If there is one filling meal that kept me anchored to raw food when I would stray too far post-partum, this is it. If everyone around you is wolfing down lethargy-inducing cooked food come winter time, you know you can find nutritious satisfaction in Annapurna’s Plenty.

Ingredients:

3/4 cup golden flax seeds finely ground
1 medium-sized aubergine peeled and cut into little cubes
5 okras thinly sliced cross section (optional)
½ onion chopped finely
4 sun-dried tomatoes cut into slivers
½ cup raw peas
3 tablespoons olive oil
1 level tablespoon garam masala
1 level tablespoon turmeric
1 teaspoon caraway seeds
1 teaspoon coriander seeds

Method:

Begin by cutting the aubergines first and in a bowl, coat them with 1 tablespoon olive oil. (You may wish to add a dash of salt to this to remove bitterness if you are new to eating raw eggplant). If you have time, set this aside for as long as 3 hours but even 15 minutes is fine while you prepare the rest of the ingredients.
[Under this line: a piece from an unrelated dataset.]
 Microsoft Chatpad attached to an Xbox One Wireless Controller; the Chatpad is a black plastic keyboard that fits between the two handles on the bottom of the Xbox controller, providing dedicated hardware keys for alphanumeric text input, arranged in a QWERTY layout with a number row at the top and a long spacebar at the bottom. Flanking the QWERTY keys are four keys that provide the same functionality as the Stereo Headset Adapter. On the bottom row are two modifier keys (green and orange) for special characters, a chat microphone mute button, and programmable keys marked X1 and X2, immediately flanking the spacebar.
Place the flax seeds in a large bowl and add 1 tablespoon olive oil, also ensuring they are coated well.

Add the okras, onion, peas, sun-dried tomatoes and the aubergines.

Coat them with the remaining tablespoon of olive oil.

Lastly, sprinkle in all three spices, using a spoon to make sure they are evenly spread around the meal.

Serving tip: You can dehydrate the meal by rolling the mixture into little balls or patties and placing them in the dehydrator for 2-4 hours at 48 degrees (118 F).